Right now the Jobs API is pretty limited in the queries it will accept. For example if I want to fetch project jobs I can filter by scope but that's about it. I work on a project where we create hundreds of jobs every day. I want to fetch all artifacts created in the past month from all jobs that have a certain name. Right now I have to download thousands of records to find the id's of a handful that match the name I'm looking for.
Proposal
Add a name attribute to the query string for fetching project jobs so I could do:
@jlenny What do you think about this one please? I'm seeing a need for this to find the status of certain manual jobs within a project that are not executed for every pipeline.
This would be a really nice feature. There are a lot of times I want to grab one job out of a pipeline in order to start/replay it with the API. Looks like this is where the change would occur:
This seems to have changed since the time @brucehubbard wrote this comment. Here's what it looks like right now (September 2021). I changed master to 848932da in the links below to make them as permanent as possible:
My rough estimate (not having done any code contributions to GitLab before) would be that this is something like 4-8h of work for an experienced developer with no prior GitLab development experience, adding the parameter and testing it locally. (I presume that some unit/integration tests should be added as well.)

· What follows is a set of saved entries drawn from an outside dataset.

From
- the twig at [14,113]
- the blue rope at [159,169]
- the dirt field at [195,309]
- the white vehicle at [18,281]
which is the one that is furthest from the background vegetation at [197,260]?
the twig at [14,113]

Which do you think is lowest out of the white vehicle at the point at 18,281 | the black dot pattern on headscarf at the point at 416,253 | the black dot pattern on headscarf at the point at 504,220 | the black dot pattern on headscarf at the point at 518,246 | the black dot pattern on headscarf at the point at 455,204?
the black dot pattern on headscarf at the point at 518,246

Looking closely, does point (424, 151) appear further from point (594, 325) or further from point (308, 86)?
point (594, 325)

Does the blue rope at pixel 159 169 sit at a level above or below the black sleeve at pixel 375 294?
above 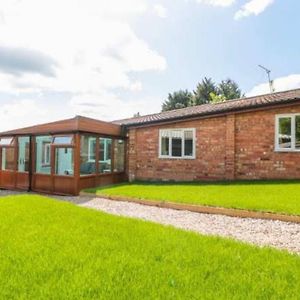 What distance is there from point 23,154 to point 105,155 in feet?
13.6

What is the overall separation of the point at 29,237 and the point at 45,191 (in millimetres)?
8623

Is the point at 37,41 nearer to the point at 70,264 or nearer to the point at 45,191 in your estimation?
the point at 45,191

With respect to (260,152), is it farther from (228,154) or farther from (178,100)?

Noting this down in the hope that someone else is eager enough to pick it up. I would really like to see this feature being added; the current lack of ability to filter CI jobs is quite limiting to me.
@jlenny So i wanted to know, should we filter only based or name or could we add some other parameters as well.
Like based on user, stage etc. or should we confine it to name only as of now?
We like to do as small iterations as possible, so I think following the issue description and doing name first makes sense. We have demonstrated use case here, and we can follow up on the others when that becomes the case.
Though this could be considered a separate issue, it would be nice to also allow filtering on started_at or finished_at. Currently if I want to get info about jobs that have run in the past week, I need to get data about all jobs from the server and then filter them on the client side. Right?
I desperately need this feature, is there a workaround ?
We are using an orchestrator xl release that has an approval flow before doing deployments, however i don't have an easy way to trigger the manual pipeline. So I currently have to parse the jobs from the pipeline and select it, its not a major issue but it's a bit painful that i can't get a job by name and trigger it, only by ID.
Hello I would like to know if its possible to get a job by name in a pipeline, we have many manual deployments but our deployment orchestrator is an external tool.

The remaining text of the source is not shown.